In earlier work, my co-authors Leah Boustan, Elisa Jácome, Santiago Pérez, and I find that children from low-income immigrant families experience higher rates of upward mobility than those from similarly low-income U.S.-born families. However, persistent negative stereotypes and unfavorable policies may limit immigrant mobility today. In related work with Jenna Kowalski, Santiago Pérez, and Joe Price, we find that low- and middle-income U.S.-born families continue to miss out on the gains from economic growth.
A central component of this work is the construction of new large-scale datasets, including linking millions of individuals across historical censuses and building new data on college students and faculty over the past century. These data allow me to study how institutions — such as education — shape mobility over the long run.
The fellowship will allow me to expand these data efforts, deepen the analysis, and integrate research with public engagement to identify barriers to mobility and evaluate policies that can improve outcomes for low-income families. I am deeply grateful to the Guggenheim Foundation for this honor and for its generous support, and to my mentors, colleagues, students, and family for making this work possible.
TSD: Your research program combines economic history, big linked microdata and policy relevance. Where do you see the next frontier for this kind of long-run, data-driven immigration research?
RA: A key frontier is linking together large-scale datasets to follow individuals and families over time and across space.
Much of my work relies on linking millions of individuals across U.S. censuses to study mobility across generations.
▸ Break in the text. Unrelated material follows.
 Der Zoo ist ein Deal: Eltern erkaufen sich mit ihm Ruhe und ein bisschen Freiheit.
The next step is to connect these data to other sources — such as college records, administrative data, and historical archives — to better understand how specific institutions shape economic outcomes.
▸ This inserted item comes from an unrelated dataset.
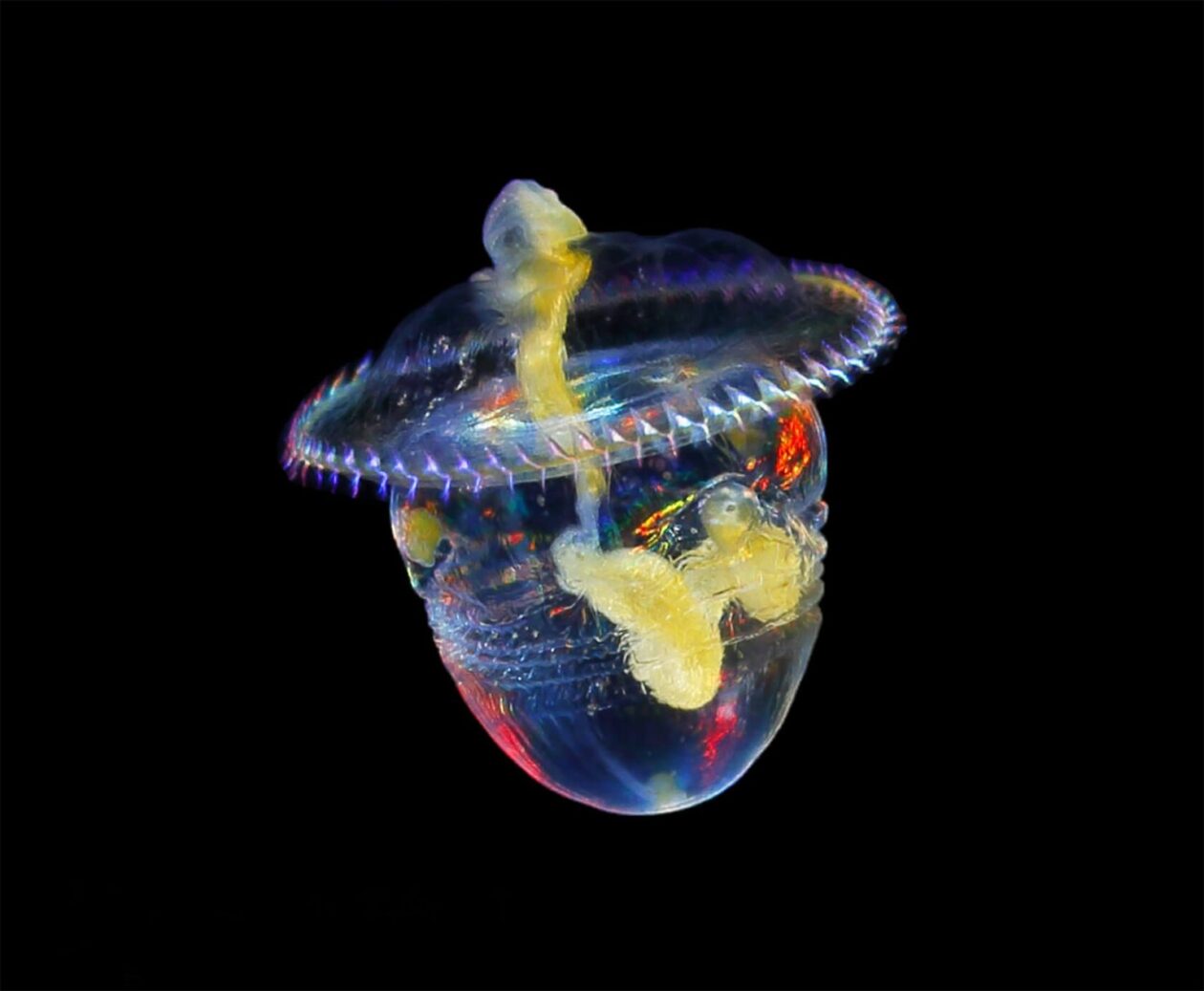 Ryo Minemizu’s Larval Plankton Photography (11)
For example, we are digitizing and linking records for millions of college students and faculty from over 100 institutions and connecting them to census data to study how socioeconomic background shapes access to higher education and elite professions.
Another frontier is using new tools, including AI and large language models, to systematically analyze large bodies of text — such as congressional speeches — to better understand how policies and public narratives around immigration evolve over time.
TSD: Given the current political moment around immigration policy, what do you most wish the public understood from the historical evidence?
RA: A key lesson from the historical evidence is that immigrant mobility is a long-term, often intergenerational process.
Many immigrants initially work in manual or low-paying jobs and do not move quickly from poverty to prosperity. However, their children often experience substantial upward mobility despite a challenging start.
What I think is often missing in today’s policy debate is this long-term perspective. Discussions tend to focus on newly arrived immigrants and their short-run outcomes. But historically, much of the economic success of immigrant families has occurred in the next generation.
A more long-term view would recognize these patterns and the contributions of immigrants and their children, and could lead to policies that are more supportive of immigrant integration and opportunity.
TSD: Any advice for Stanford students interested in economic history or applied microeconomics as a career?
RA: Economic history provides a powerful way to study important questions using real-world data. Many of today’s economic and policy challenges — such as inequality, mobility, and immigration — have deep historical roots.
What’s especially exciting is that the field is being transformed by new data. The increasing availability of large-scale micro-level historical data, along with advances in digitization and AI, allows researchers to study individuals and families over long periods of time and across generations.
My advice to students is to build strong empirical skills, but to remain focused on the questions they care about. Data, statistics, and AI are tools — the goal is to better understand the world and improve people’s lives.